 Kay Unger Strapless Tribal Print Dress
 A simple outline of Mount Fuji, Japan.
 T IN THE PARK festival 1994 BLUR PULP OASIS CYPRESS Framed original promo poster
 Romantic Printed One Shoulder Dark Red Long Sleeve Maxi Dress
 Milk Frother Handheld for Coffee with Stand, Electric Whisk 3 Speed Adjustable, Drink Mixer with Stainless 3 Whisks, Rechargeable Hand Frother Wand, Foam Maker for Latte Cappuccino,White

#####

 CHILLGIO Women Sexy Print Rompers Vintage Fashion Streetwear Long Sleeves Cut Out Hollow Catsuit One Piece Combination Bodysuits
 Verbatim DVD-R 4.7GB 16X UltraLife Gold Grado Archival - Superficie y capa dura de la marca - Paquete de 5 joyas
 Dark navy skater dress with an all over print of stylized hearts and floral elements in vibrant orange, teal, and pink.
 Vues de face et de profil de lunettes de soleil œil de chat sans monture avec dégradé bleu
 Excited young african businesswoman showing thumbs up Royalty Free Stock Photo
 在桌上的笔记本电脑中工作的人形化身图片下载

#####

Task directions — Among the records above, repeat exactly the line with "Kay Unger Strapless Tribal Print Dress", the line with "Milk Frother Handheld", and every line in between, and only those.

Result of this exercise —
 Kay Unger Strapless Tribal Print Dress
 A simple outline of Mount Fuji, Japan.
 T IN THE PARK festival 1994 BLUR PULP OASIS CYPRESS Framed original promo poster
 Romantic Printed One Shoulder Dark Red Long Sleeve Maxi Dress
 Milk Frother Handheld for Coffee with Stand, Electric Whisk 3 Speed Adjustable, Drink Mixer with Stainless 3 Whisks, Rechargeable Hand Frother Wand, Foam Maker for Latte Cappuccino,White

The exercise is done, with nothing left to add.